The second, and much more controversial, section of this Chapter deals with a variety of different police measures that Posner argues could successfully be employed to reduce catastrophic risk.  He argues that the threat of post-disaster sanctions is inadequate to deter terrorist behavior and thus greater emphasis should be placed on “prophylactic measures, possibly including some curtailment of the civil liberties to which Americans have grown accustomed” (p.226).  In a very fine fashion Posner sets up and then confronts a series of arguments by civil libertarians against the curtailment of rights.  He suggests that civil rights lawyers make two general mistakes.  First, they overstate the constitutional importance of the recent expansion of civil rights, such as the fourth amendment.  Here he argues that searches related to national security are more reasonable than unreasonable because the threat posed by those who threaten our national security is so much greater than that posed by common criminals.  The second point is that civil libertarians do not understand the magnitude of the risk from catastrophes—because they are scientifically ignorant—and therefore they mistakenly reject any restriction or reductions to civil liberties.  Posner also includes a fairly lengthy discussion of torture as a police measure which may provide some benefit to authorities charged with protecting the national interest.  This section will be particularly useful to scholars and students grappling with the merits and drawbacks of using torture to extract information from suspects.
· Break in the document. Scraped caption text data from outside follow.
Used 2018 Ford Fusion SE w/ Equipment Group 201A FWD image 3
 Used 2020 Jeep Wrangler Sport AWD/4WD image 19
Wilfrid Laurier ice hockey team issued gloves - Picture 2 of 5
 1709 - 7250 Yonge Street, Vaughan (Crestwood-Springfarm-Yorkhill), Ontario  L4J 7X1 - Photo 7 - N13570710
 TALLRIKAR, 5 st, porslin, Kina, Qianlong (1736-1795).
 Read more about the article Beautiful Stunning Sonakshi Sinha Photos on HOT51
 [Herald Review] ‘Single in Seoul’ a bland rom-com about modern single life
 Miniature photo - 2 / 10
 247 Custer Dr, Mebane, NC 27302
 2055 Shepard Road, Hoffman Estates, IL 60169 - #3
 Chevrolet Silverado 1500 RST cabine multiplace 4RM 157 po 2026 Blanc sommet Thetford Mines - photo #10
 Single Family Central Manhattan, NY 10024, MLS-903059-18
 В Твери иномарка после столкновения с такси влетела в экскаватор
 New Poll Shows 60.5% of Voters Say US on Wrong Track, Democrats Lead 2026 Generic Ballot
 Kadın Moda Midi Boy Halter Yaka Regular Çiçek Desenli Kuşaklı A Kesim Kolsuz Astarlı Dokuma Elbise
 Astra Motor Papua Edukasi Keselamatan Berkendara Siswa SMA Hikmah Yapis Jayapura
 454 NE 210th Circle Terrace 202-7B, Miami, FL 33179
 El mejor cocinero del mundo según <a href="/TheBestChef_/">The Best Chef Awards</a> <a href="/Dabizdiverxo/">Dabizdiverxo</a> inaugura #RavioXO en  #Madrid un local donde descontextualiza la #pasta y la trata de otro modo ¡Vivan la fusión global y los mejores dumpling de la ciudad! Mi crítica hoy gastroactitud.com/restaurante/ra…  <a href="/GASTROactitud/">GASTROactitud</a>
It is a rather unconventional recommendation to suggest picking up a book for just one chapter, but I think it is fair to suggest that law and courts scholars and students will find most of Posner’s CATASTROPHE unrelated to their work.  But Chapter Four provides important and useful material for the study and teaching of law and courts, and even better, it stands alone and can be read without studying the earlier material.  Once again, judge Posner has added to our cultural dialogue in a useful and interesting way.

REFERENCE:

Clark, Lee. 2005. WORST CASES: TERROR AND CATASTROPHE IN THE POPULAR IMAGINATION. Chicago: University of Chicago Press.